Here is another dimension to the problem - attackers *do* evolve. The new technologies provide far greater attack surface (data, method and channels) for the attacker's to exploit and/or launch attacks from.
Because the defenses have not evolved its a simple evolutionary adaptation for attackers to go around or through the 1995 defenses. Its not about SOAP going through the firewall, its about never bothering to secure the apps and the data. Its like saying to your opponent, remember the how the Detroit Lions played defense in a certain game in 1995, we were just going to do that.
So with the software developer's latest evolution we get Mr. O'Reilly's famous Web 2.0 meme map
but where is the co-evolution in infosec? there is non. There is co-evolution in the attacker space. here is a sample web 2.0 attacker meme map
So the firewall offers great protection if your adversary is using Visio, but otherwise its mostly useless.
So we would want to see two things happen - developers start writing more high assurance code and second - infosec needs to evolve its security services to form fit to that which they are protecting. Hint - it ain't a Visio diagram.

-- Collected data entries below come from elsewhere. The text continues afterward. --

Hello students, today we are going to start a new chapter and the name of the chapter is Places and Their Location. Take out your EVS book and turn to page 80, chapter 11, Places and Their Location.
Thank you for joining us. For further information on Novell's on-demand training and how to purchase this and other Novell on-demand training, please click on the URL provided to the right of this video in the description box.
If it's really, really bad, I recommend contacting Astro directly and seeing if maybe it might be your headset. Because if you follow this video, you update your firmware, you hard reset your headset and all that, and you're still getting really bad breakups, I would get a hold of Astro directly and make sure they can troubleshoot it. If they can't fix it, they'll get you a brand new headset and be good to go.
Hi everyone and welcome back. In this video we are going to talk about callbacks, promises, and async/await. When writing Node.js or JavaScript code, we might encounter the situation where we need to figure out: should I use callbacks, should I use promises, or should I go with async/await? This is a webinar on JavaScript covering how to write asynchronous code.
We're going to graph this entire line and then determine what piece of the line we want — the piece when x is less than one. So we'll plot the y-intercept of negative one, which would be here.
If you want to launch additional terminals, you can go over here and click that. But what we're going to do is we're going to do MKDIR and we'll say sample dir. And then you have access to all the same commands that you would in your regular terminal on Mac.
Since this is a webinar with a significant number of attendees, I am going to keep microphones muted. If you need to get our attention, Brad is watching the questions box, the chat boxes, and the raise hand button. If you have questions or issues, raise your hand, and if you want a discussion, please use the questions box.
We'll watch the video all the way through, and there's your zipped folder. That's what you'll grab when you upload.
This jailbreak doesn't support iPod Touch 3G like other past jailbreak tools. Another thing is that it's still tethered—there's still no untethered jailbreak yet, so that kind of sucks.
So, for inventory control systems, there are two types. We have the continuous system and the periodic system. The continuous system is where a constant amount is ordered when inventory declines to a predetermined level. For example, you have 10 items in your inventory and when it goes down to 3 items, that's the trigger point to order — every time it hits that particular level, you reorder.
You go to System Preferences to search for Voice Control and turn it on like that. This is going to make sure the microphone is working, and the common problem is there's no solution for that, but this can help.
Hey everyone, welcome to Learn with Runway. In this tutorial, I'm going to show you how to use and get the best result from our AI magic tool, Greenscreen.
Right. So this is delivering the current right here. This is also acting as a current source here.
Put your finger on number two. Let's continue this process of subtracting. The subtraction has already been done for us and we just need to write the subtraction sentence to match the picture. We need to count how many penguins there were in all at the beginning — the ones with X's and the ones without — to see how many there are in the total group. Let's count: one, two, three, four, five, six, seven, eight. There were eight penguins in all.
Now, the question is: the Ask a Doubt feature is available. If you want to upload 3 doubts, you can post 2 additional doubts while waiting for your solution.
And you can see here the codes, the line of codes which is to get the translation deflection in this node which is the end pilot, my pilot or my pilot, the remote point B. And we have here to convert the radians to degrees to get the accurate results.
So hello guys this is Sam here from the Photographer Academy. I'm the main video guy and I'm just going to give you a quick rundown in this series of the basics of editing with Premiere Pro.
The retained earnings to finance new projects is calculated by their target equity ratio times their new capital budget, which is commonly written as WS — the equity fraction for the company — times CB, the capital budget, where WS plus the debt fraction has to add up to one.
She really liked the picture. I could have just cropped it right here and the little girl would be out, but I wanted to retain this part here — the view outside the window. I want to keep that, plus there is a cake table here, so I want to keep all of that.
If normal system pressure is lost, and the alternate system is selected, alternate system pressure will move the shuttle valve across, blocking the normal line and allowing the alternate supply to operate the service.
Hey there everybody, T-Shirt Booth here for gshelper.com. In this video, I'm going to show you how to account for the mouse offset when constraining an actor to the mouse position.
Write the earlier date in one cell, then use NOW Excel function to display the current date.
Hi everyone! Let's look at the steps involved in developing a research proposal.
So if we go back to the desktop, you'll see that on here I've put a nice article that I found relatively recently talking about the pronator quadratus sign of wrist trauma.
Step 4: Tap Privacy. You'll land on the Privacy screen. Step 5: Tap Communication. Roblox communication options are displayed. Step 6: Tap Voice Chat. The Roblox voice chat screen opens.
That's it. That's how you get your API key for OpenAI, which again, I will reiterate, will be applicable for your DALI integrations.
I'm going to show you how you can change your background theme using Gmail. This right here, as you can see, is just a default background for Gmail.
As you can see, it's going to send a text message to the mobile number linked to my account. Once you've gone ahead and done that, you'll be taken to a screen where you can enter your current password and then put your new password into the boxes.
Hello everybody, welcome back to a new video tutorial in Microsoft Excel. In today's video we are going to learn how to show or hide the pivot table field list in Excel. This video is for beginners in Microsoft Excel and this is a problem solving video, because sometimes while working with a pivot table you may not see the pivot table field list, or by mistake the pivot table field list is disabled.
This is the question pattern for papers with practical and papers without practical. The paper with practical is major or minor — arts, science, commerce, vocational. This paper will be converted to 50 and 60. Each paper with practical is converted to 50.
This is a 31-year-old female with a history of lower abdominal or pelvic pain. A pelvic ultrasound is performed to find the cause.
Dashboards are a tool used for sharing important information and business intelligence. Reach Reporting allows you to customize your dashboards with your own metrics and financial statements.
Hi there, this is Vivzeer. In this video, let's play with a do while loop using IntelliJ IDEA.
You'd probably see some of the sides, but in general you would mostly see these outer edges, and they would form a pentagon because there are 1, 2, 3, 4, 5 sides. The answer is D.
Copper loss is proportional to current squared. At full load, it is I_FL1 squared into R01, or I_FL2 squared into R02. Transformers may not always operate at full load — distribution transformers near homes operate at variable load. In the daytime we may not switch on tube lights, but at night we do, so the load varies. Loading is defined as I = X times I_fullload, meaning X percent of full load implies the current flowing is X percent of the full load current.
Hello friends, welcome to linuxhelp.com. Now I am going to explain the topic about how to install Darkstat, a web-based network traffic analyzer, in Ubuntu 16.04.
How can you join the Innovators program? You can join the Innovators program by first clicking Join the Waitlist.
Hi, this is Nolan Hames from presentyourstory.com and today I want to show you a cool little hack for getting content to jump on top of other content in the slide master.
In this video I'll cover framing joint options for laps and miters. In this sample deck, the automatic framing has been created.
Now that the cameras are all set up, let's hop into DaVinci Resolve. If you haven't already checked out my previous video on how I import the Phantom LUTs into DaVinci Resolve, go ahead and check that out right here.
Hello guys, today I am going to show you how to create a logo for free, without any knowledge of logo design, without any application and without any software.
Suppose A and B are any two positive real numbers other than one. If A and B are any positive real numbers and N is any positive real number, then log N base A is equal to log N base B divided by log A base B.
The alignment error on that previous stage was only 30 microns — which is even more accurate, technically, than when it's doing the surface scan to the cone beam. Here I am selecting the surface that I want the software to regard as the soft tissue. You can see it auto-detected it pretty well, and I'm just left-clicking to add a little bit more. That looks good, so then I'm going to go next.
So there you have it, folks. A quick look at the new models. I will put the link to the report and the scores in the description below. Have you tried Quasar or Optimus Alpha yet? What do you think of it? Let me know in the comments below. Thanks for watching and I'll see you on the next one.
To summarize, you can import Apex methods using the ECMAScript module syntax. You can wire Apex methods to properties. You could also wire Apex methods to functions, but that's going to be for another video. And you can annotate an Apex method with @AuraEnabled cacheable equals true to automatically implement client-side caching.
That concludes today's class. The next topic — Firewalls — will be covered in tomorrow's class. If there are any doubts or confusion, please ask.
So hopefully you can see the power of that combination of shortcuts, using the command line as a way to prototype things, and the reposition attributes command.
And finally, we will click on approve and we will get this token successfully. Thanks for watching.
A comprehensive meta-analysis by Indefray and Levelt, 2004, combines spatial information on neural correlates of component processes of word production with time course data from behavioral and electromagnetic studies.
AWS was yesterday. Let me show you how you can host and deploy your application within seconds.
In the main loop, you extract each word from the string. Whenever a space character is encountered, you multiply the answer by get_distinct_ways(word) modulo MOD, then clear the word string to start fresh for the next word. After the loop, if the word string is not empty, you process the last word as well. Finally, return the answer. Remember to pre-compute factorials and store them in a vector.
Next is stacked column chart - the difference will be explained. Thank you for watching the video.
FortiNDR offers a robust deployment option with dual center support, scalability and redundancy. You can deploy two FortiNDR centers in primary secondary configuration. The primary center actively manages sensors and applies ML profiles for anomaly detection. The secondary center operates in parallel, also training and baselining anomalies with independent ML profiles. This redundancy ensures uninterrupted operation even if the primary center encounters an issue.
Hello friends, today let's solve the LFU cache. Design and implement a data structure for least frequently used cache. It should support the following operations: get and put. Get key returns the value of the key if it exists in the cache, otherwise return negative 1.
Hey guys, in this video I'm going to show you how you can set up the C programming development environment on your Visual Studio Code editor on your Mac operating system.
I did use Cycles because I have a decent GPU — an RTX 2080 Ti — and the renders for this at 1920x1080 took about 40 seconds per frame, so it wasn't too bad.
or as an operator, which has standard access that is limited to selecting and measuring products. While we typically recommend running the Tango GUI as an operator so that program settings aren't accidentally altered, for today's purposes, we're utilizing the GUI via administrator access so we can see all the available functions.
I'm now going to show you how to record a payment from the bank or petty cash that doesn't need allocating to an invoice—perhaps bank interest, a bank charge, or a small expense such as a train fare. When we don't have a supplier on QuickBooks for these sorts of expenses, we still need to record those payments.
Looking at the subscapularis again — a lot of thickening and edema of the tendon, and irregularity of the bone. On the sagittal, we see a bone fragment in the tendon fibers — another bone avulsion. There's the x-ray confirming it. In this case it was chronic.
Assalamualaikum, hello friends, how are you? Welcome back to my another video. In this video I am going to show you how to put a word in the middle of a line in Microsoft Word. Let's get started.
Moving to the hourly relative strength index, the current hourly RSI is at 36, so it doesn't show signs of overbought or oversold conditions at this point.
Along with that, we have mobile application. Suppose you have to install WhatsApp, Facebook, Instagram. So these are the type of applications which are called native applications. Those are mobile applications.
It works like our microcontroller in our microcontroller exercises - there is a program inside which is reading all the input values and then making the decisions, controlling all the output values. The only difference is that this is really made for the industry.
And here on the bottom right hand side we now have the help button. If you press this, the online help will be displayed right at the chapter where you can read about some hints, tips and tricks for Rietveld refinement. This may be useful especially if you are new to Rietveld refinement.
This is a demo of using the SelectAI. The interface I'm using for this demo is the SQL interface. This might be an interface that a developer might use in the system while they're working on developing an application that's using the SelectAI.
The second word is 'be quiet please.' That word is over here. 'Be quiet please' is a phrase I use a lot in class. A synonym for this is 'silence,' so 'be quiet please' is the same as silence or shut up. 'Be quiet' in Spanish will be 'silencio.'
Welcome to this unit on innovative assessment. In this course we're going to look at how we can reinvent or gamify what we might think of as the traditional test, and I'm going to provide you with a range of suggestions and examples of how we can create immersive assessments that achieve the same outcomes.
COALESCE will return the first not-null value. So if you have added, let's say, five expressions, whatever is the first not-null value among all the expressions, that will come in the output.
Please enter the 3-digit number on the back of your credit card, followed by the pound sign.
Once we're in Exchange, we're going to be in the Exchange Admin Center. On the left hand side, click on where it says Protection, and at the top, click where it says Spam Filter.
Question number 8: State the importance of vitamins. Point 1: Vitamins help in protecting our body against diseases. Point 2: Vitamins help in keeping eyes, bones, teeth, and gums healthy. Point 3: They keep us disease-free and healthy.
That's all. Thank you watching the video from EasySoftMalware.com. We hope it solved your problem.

The thing is - we are getting getter tools. Static analysis is a very powerful tool to improve your software security from a bottom up perspective and it can scale. These tools continue to get better. We are are getting better standards - WS-Security, WS-Trust, and company enable fundamentally new security architectures. And we're getting better primitives, especially in the identity space - SAML, Cardspace, and friends will one day let us live in a world where users are not typing username and password into a web browser to do online banking.
So maybe the innovation tide is turning, but there is a lot of ground to catch up, infosec about a decade behind the developers and probably close to that far behind the attackers. Its going to take something special to catch up, but is there any other way? I think a big part of catching up is putting together a realistic pragmatic blueprint to evolve your security architecture - a roadmap that addresses your people, processes, and technology. There are standards, primitives, and tools to leverage, but by themselves they are just pieces, they have to be brought together into a cohesive design. Its not an overnight thing to realize this, but the point is for infosec to *begin* the evolutionary process. Now. For real use cases. Using the security protocols, mechanisms, and skills we have available now.
The Road goes ever on and on,Down from the door where it began.
Now far ahead the Road has gone,
And I must follow, if I can,
Pursuing it with eager feet,
Until it joins some larger way
Where many paths and errands meet.
And whither then? I cannot say.
-J.R.R. Tolkien,The Hobbit
While I don't disagree with your assertions, I don't know that you're being altogether fair. There has been a constant pace of innovation in security technologies over the past 10 years. However, innovation does not immediately translate to deployment. Just look at how long it's taken businesses to relent and deploy disk encryption. We're seeing the same thing with encryption of certain types of data, too, thanks in part to PCI. Now we'll also begin seeing some improvements in web app security, thanks also to PCI. So, I would put the responsibility, not on the heads of the security industry, but on the companies that still view security tools as frivolous overhead costs that aren't really needed.
Posted by: Ben | May 20, 2008 at 08:44 AM
I think the key problem is that attackers don't have to follow the rules defenders have to. This constrains innovation. It's even worse when defenders have to contend with additional constraints which have no baring on security but panders to the needs and wants of users. It's an arms race, a very unfair one.